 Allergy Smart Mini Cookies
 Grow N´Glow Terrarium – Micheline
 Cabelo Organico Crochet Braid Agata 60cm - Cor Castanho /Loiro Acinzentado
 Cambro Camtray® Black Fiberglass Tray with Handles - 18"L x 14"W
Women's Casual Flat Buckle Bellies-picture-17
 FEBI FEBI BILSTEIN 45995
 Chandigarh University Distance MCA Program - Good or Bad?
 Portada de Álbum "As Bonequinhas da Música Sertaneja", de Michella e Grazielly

==

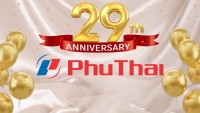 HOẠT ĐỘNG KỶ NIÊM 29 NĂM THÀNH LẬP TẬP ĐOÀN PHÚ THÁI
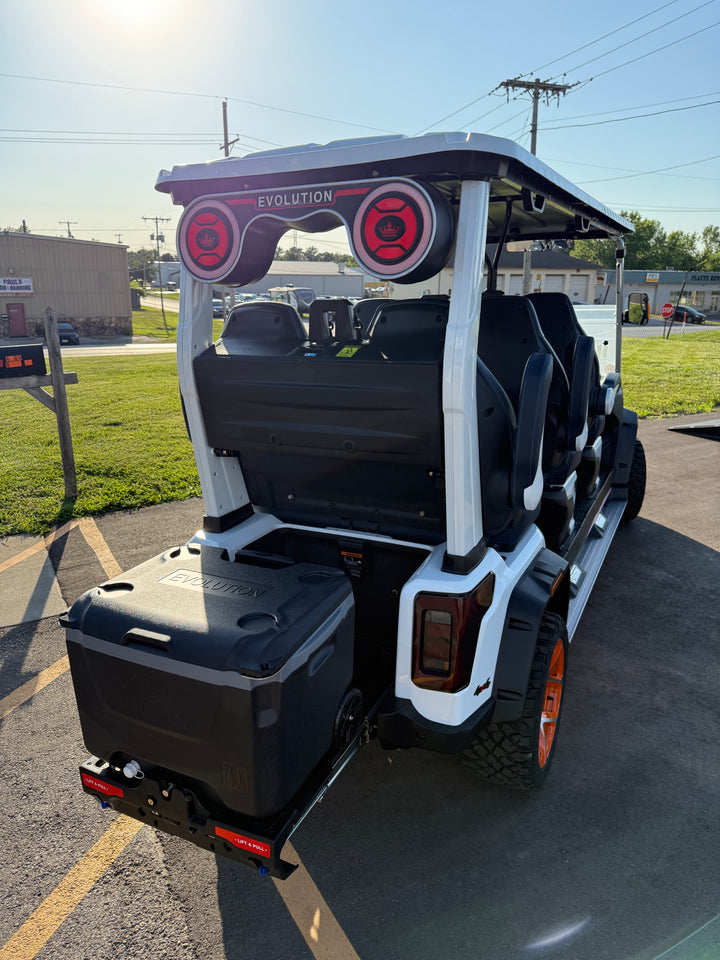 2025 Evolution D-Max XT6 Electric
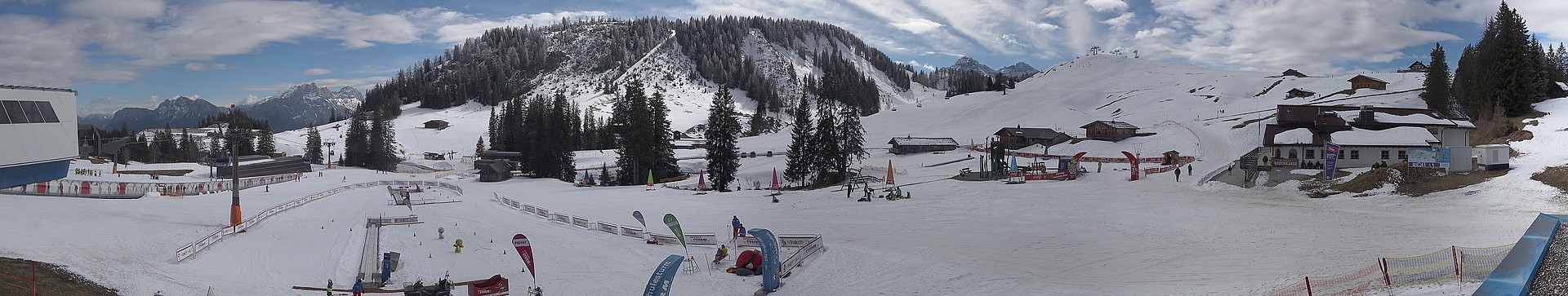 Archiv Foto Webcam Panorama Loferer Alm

EXERCISE →
Transcribe the lines above between the line holding "Chandigarh University Distance" and the line holding "Portada de Álbum", inclusive, exactly as they stand and with nothing added.

EXERCISE OUTPUT →
 Chandigarh University Distance MCA Program - Good or Bad?
 Portada de Álbum "As Bonequinhas da Música Sertaneja", de Michella e Grazielly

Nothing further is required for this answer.